Navigating across market cap spectrum
Flexi-cap funds invest across market caps without fixed allocation limits. Fund managers have complete freedom to select stocks they deem attractive. Data from the Association of Mutual Funds in India (Amfi) shows that 39 flexi-cap schemes collectively managed Rs 4.29 lakh crore as of August 31, 2024.
“The strong inflows during the current volatile market are because flexi-cap funds offer the advantage of not being tied to fixed allocations across large, mid, and small-cap stocks. This flexibility to adjust portfolios dynamically enhances potential returns,” says Deepak Ramaraju, senior fund manager, Shriram Asset Management Company (AMC).
Balancing risk and reward
Flexi-cap funds allow maximum flexibility to fund managers. “Higher diversification by spreading investments helps balance risk and reward for these funds. Historically, flexi-cap funds tend to perform better in volatile markets due to this ease of spreading investments across the board,” says Varun Goel, senior fund manager–equity, Mirae Asset Investment Managers (India). Currently, many flexi-cap funds have tilted their portfolios heavily towards large caps.
Ramaraju highlights that mid and small-cap investments present growth opportunities, whereas large-caps offer long-term stability.
Flexi-cap schemes are tax-efficient. Rebalancing between large, mid, and small-cap schemes on one’s own attracts tax liability.
Allocation can get skewed
Since allocation is guided by the fund manager’s market view, there is the risk of a mismatch between the investor’s desired allocation and the fund’s allocation to various market caps. If the fund manager takes high exposure to mid and small-cap stocks, it could result in higher risk than is desirable for the investor.
Who should invest?
Flexi-cap funds are ideal for investors who lack the time or expertise to manage allocations across market caps.
These funds have the potential to generate wealth over the long term. “Investors with a moderate risk profile and looking for long-term wealth creation should pick a flexi-cap fund.

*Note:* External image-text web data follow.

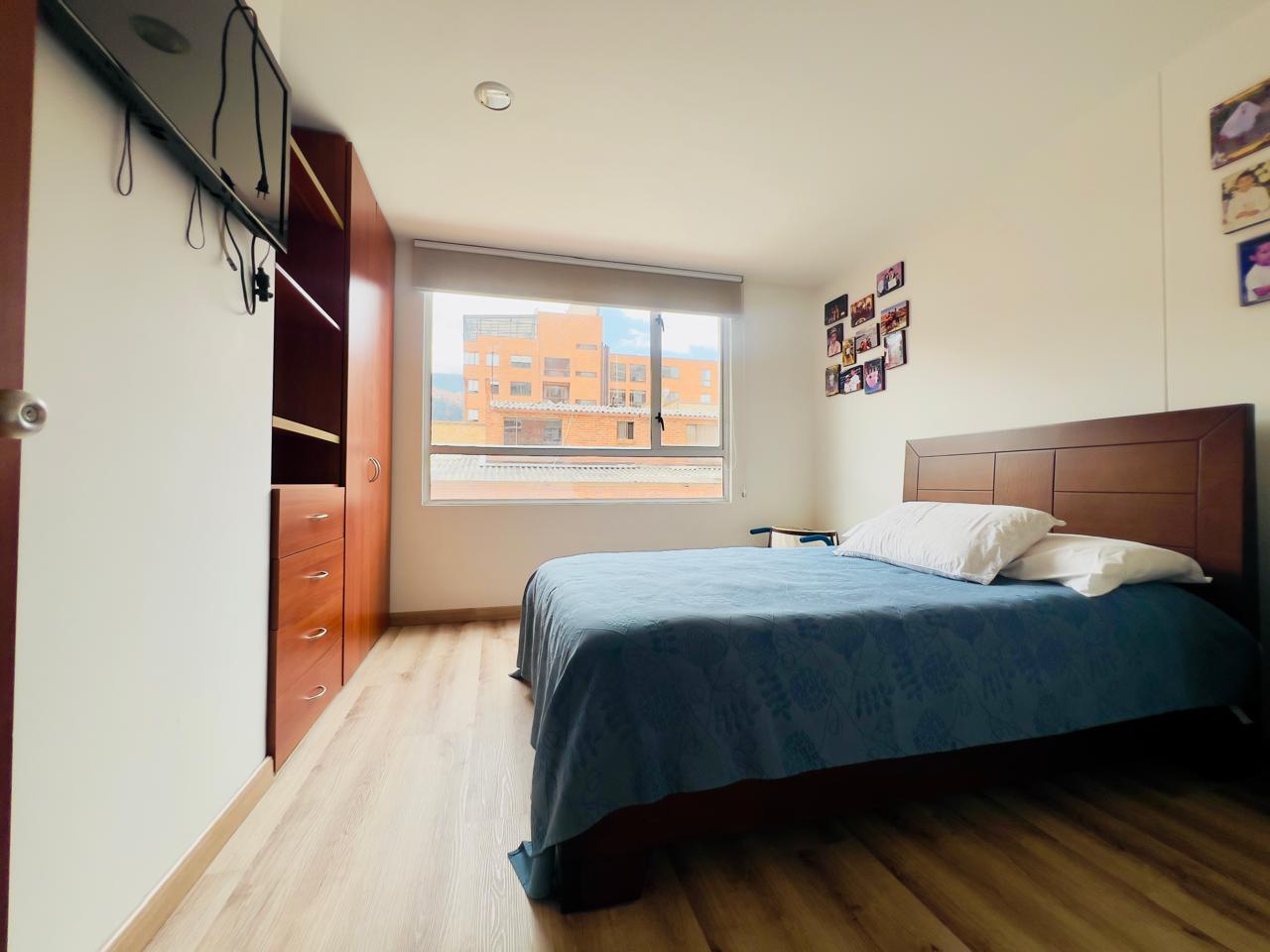 Venta Apto Belmira Exterior 3H + Estudio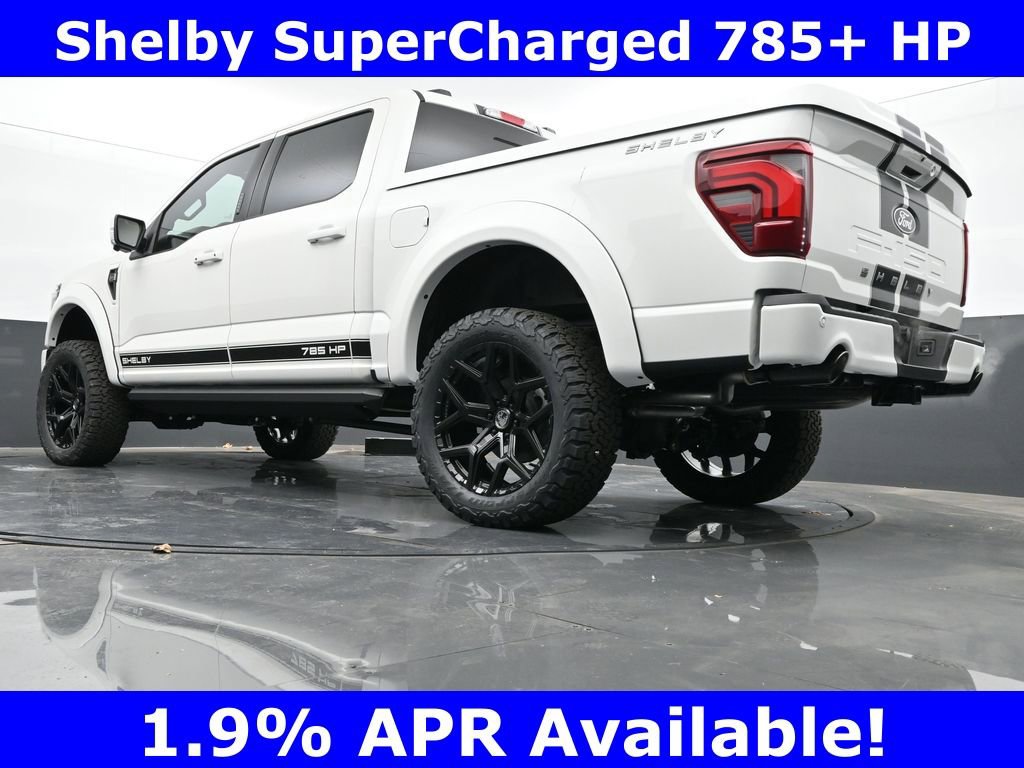 New 2024 Ford F150 Lariat w/ Equipment Group 502A High image 46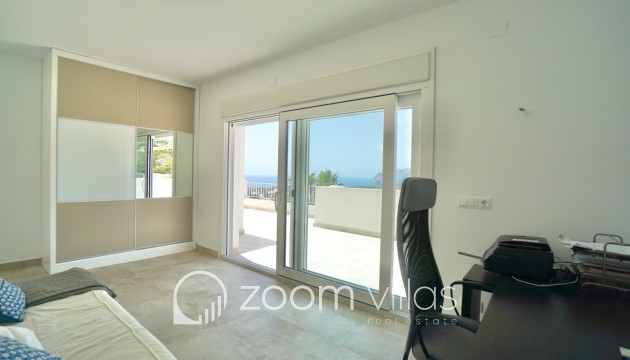 Resale - Villa - Benissa - Montemar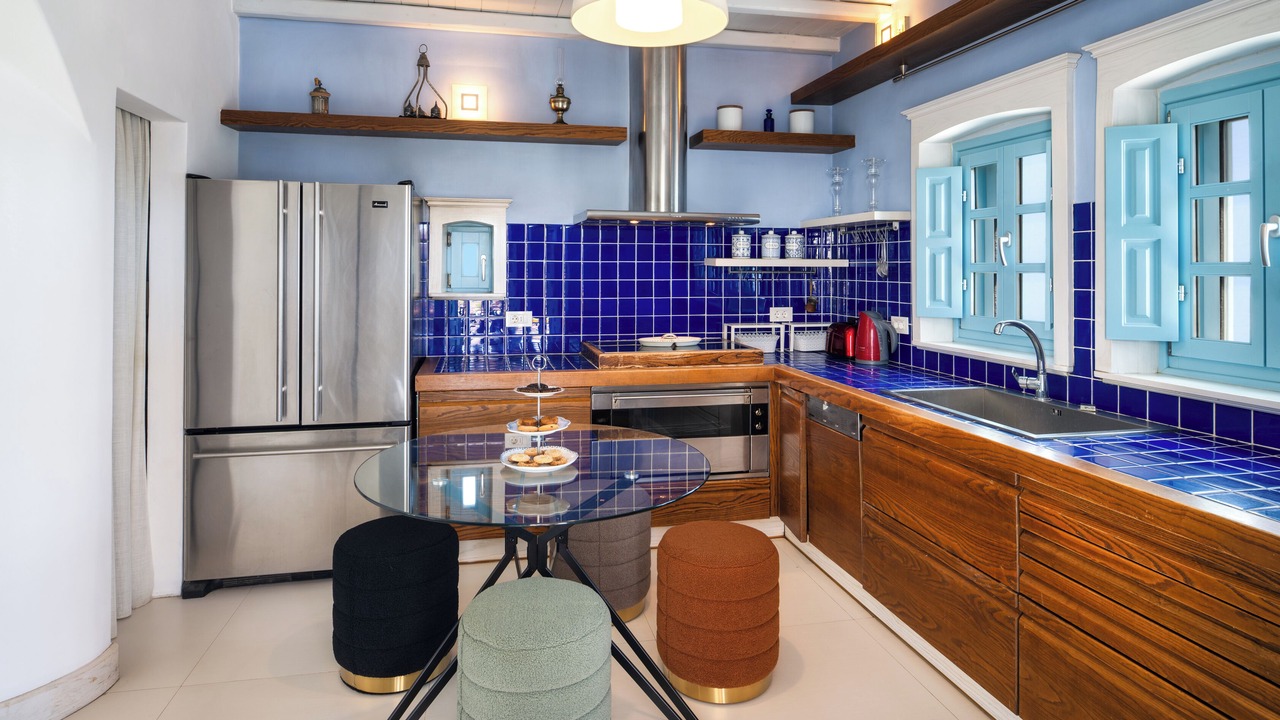 Photo of Kitchen in Kamari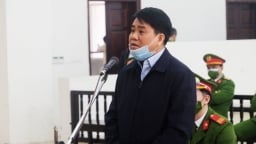 Cựu Chủ tịch Hà Nội Nguyễn Đức Chung lĩnh thêm 8 năm tù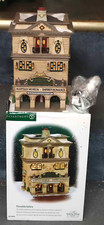 DEPT 56  PICCADILLY GALLERY 58498 DICKENS HERITAGE SNOW VILLAGE picture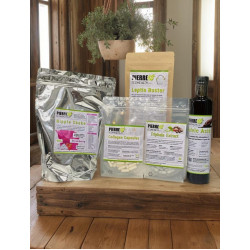 Turn around combo Fulvic Liquid and Shake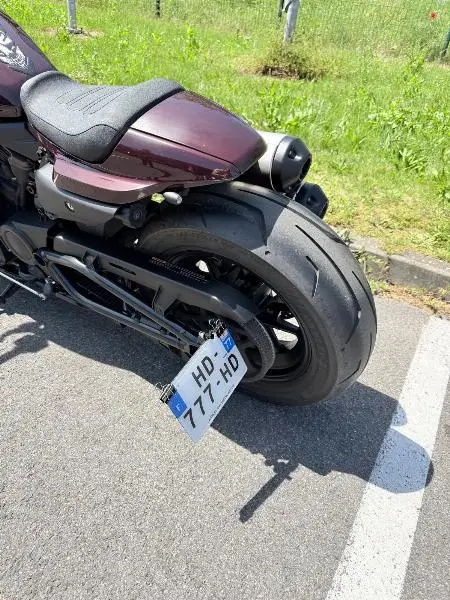SPORTSTER 1250 S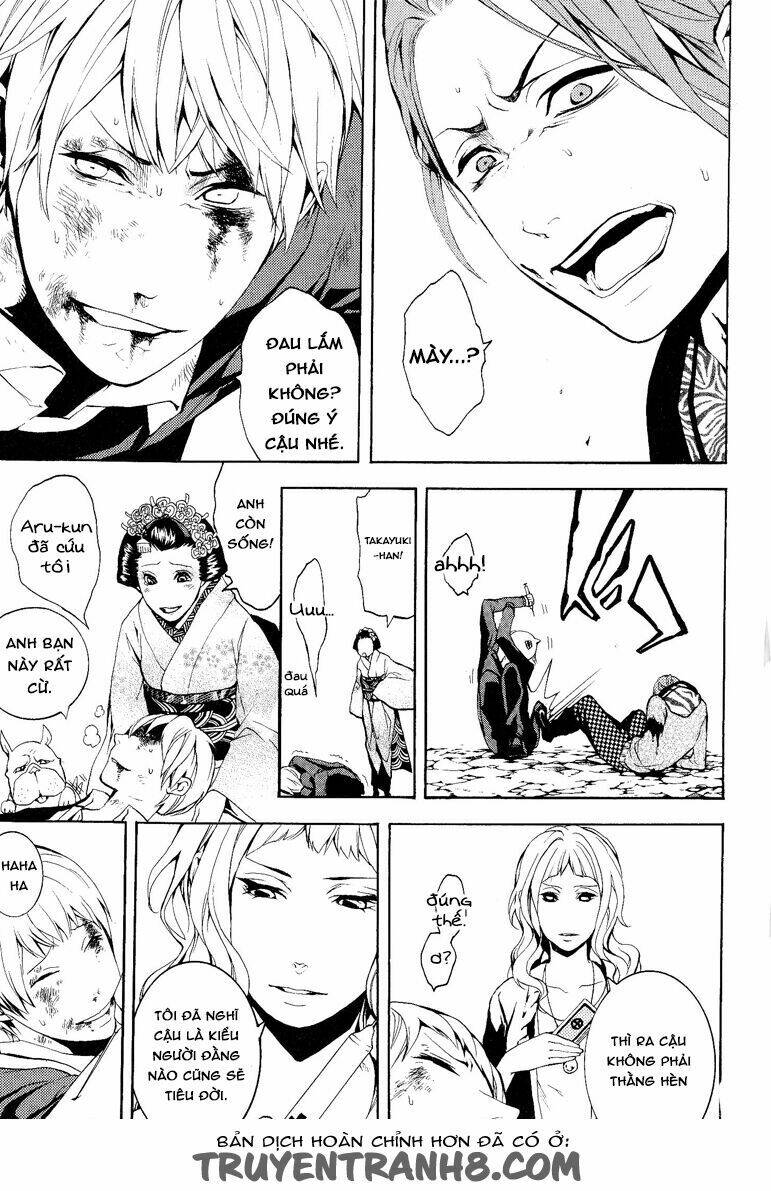 :reversal chapter 12 21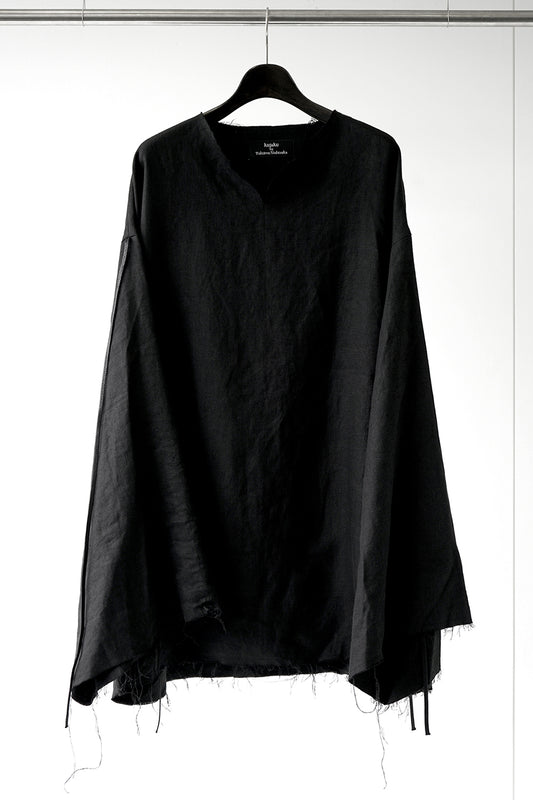 Enbaku Pullover Black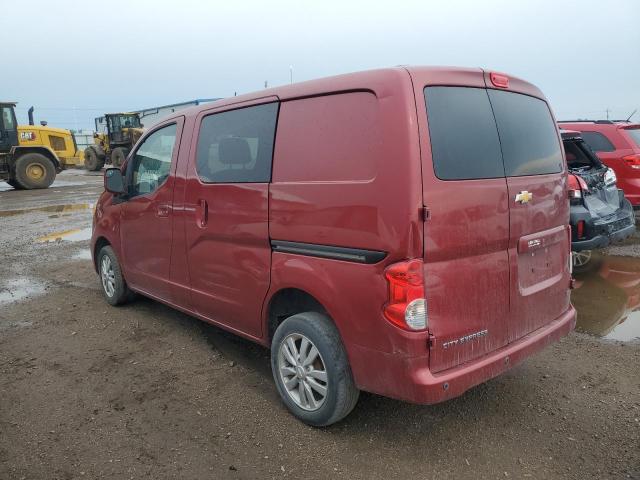 Photo 2 from auction – 2015 CHEVROLET CITY EXPRE with VIN 3N63M0ZN2FK697511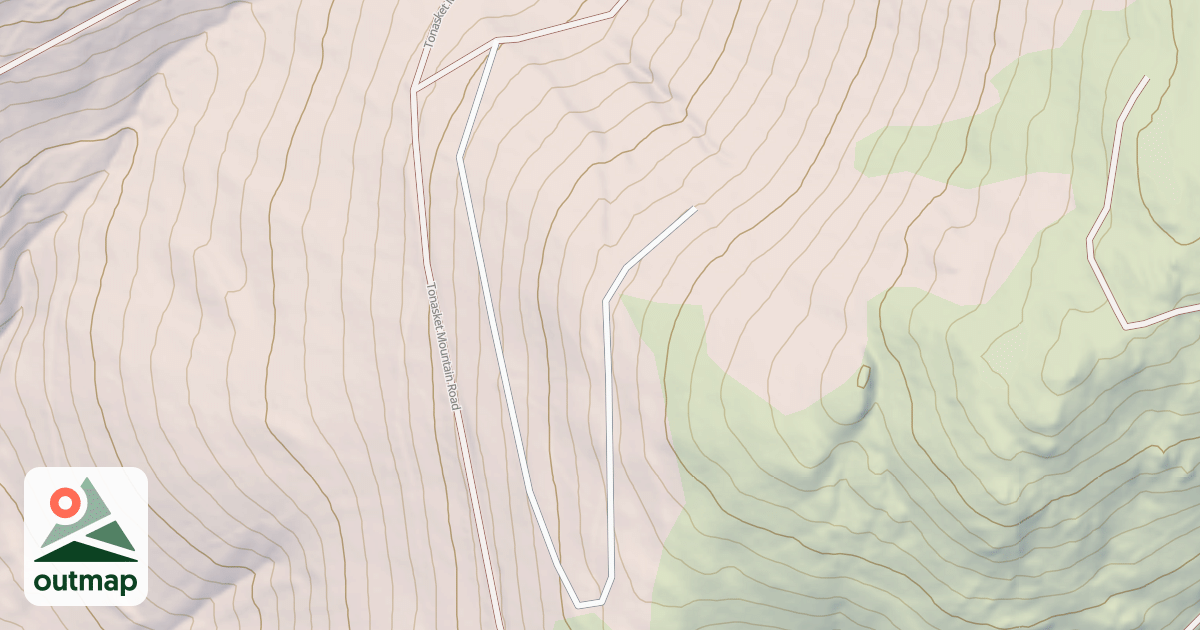 Map of USFS Motor Vehicle Use Map Roads {169943A7-3BA9-477E-AD21-A478B66981DF}
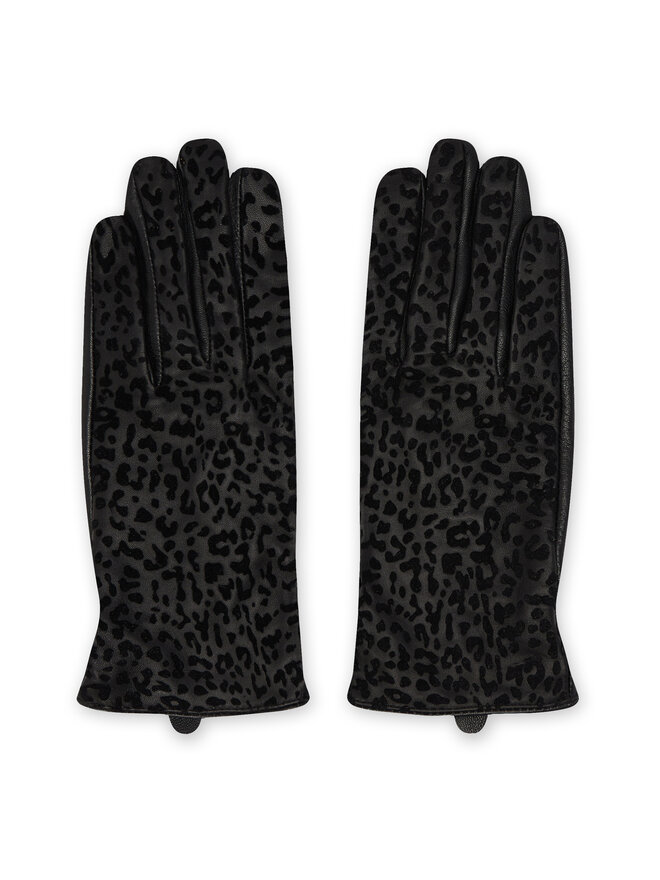 ONLY Guantes de mujer ONLY Janice 15270030 Negro
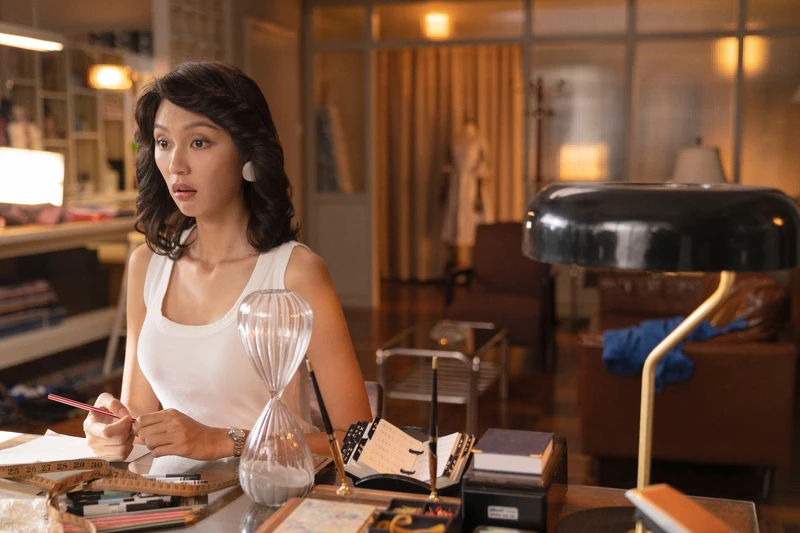 影壇新人「王丹妮」演出舞台天后梅艷芳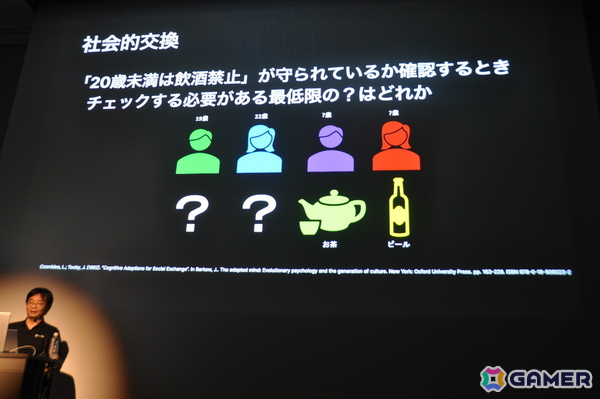 ゲーム開発に「心理学」を用いるならば「◯◯バイアス」みたいな分かりやすい概念を鵜呑みにすべきではない？“新たな一歩”を加えるための考え方【CEDEC2025】の画像4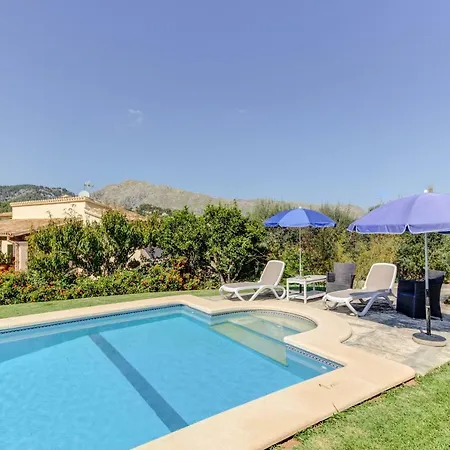 Es Coste Rafal By Sunvillas Mallorca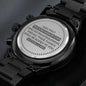 Seek First The Kingdom Of God Black Watch - Love You This Much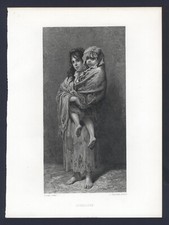 SENZA CASA , di GUSTAVE DORE'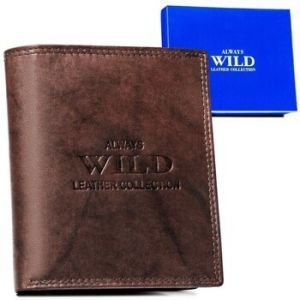 Peňaženky Always Wild  AWN890MAL73649
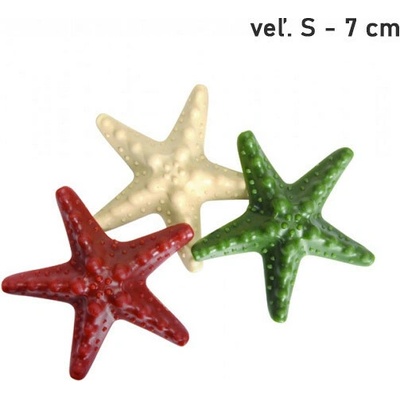 Camon SeaVeg Dental Snack Dog S hviezdica 7cm Vôňa: Mäta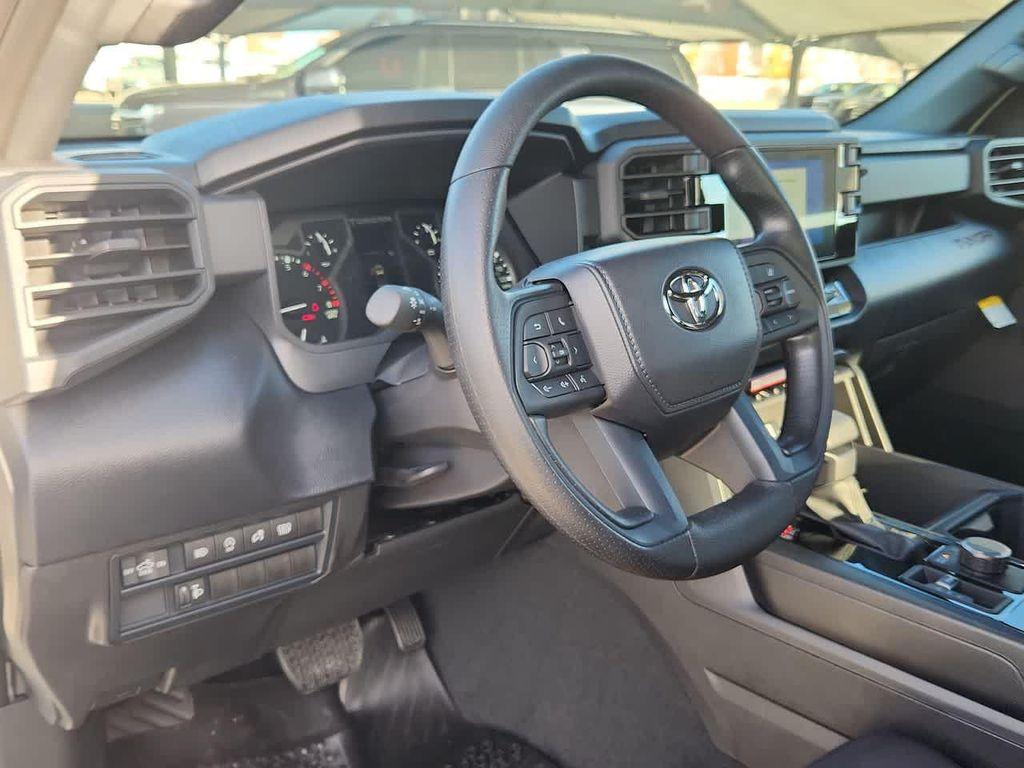 new 2026 Toyota Tundra car, priced at $56,363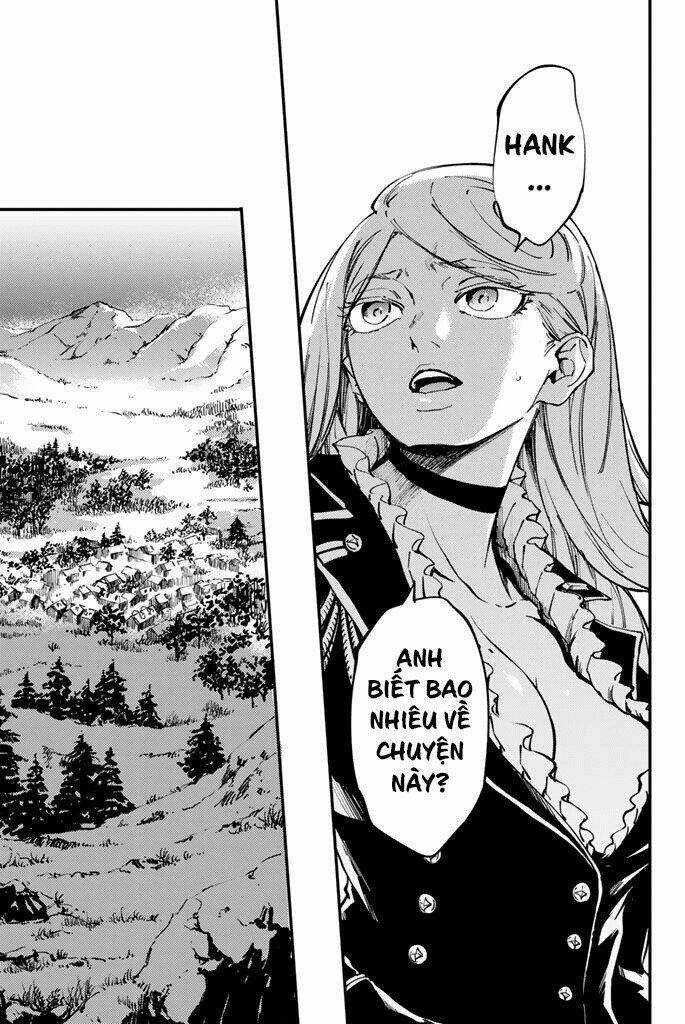 The Abandoned Sacred Beasts Chapter 31 trang 19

Due to the balanced risk and reward profile, they tend to give higher returns over a longer period,” says Goel.
Investors entering them should have a minimum five-year horizon. “Flexi-cap allocations can be considered for the core equity portfolio. Investments can be made across lump-sum and systematic (SIP/STP) modes,” says Dawar.
Before investing, review the fund’s historical allocation to market caps. “Investors must assess the fund manager’s ability to diversify and allocate effectively across large, mid, and small caps during different market phases,” says Ramaraju.
For those wanting to avoid fund manager risk, index funds that track the Nifty 500 or BSE 500, which invest around 70 per cent in large caps and the rest in mid and small caps, might be a better option.
“Depending on risk appetite, around 25 per cent of equity investments can be allocated to flexi-cap funds,” says Ramaraju.